Job boards are under pressure. LinkedIn on the one side, Indeed on the other. An uptick in the economy might mask this development, but it is happening. It doesn’t come as a surprise to most and is a well-known trend. What is new is that the Indeed/LinkedIn embrace is now also happening on a sector specific level.
Let’s take energy and oil – a perfect storm is brewing for job boards. So far the job boards had a pretty stable competitive landscape. Indeed is the main supplier of traffic to the boards but not affecting businesses too badly. This is about to change. With OilPro, a sector specific professional network has entered the stage and accompanying it, Oilfinity, a niche aggregator. Both companies are run by people who know what they are doing: OilPro is the brain child of David Kent, founder of Rigzone; Oilfinity is the new offering by the Potts brothers, founders of Jobsite and managers of Evenbase (owners of Oilcareers, Jobrapido and Broadbean). Both are making great in-roads. Oilfinity, for example, is experiencing significant growth rates, exceptional conversion rates and enormous client interest only 4 months after launch. Both thrive on the fertile ground of weak oil prices.
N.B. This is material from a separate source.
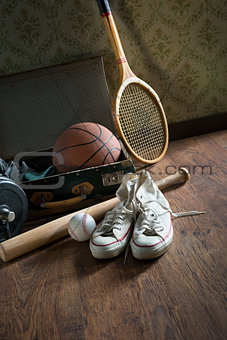 Vintage suitcase with sports equipment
Oilfinity, for example, offers performance based pricing (including cost per application) instead of the established advertising model. So the stalwarts will come under increased pressure with less room for manoeuvre as it is always much harder to cannibalize revenues at a time when the market softens. Niche aggregators also have an advantage over the Indeeds of this world: they can tailor their search more easily therefore making results more relevant, and they do not include job board postings and so improve the candidate experience significantly.
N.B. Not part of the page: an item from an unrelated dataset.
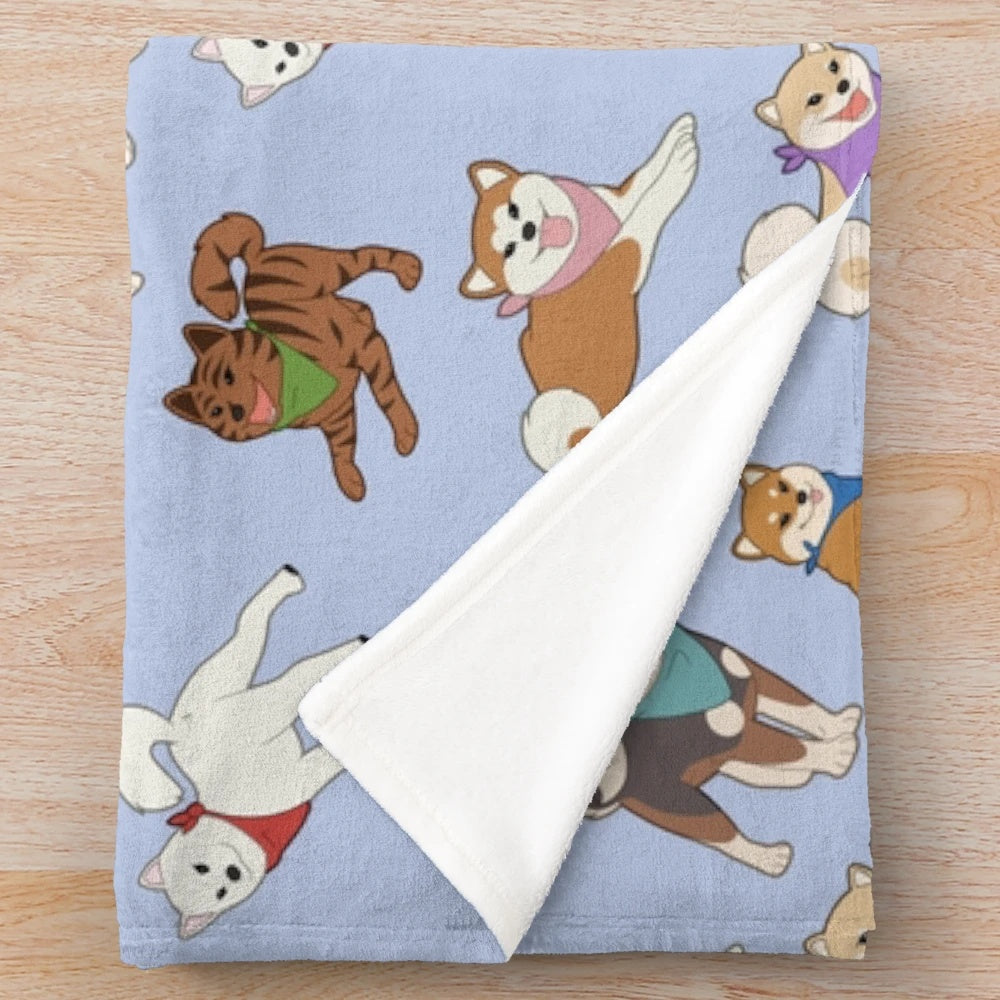Blue plush blanket featuring a design inspired by Japanese dog breeds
Oil isn’t a first, there are already other differentiated niche offerings such as StackOverflow that challenge the Status Quo. In some markets, it is more difficult to mount an impactful challenge: If there is – like in Germany – a clear leader within a market that still favors applications on the employers’ websites, the new models will find it harder to take hold. Job boards obviously also won’t just sit back and let it happen but will work on finding answers and solutions on how to counter the threat. Job boards have the advantage of having interactions with both job seekers and recruiters and are sitting on significant amounts of data from both parties that can allow them to make job seeking simpler by becoming more relevant and creating differentiated offerings. Finding this differentiation, finding the competitive advantage will be the key task for job boards.
Some will turn themselves into aggregators, which will present a significant challenge to internal structures, set ups and skill sets. Some will (and already have) moved deeper into the recruitment value chain and offer pre-screening, short-listing (mainly driven through increased automation), interviewing and potentially an end to end RPO set up. In effect they will start competing with their own clients.
SThree (with The IT JobBoard) and Reed.co.uk have shown that this also works the other way around. It would be no surprise if more recruitment agencies or RPOs would set up their own job board or aggregator, especially when operating in a significant niche. This allows them to counter the move of the job boards by using the same automation that job boards offer, by utilizing their own sizable candidate databases and relevant client interactions and driving the differentiation through their own skill sets. In a world where 30%+ traffic to job boards comes from Indeed, it wouldn’t be surprising if recruiters would just go direct instead of feeding their potential future competitor. To be successful requires a change in mindset – innovating to increase productivity instead of purely reducing costs – and skill set – bringing B2C marketers and digital marketing experts into the company. This could be an interesting 3rd pressure point for job boards.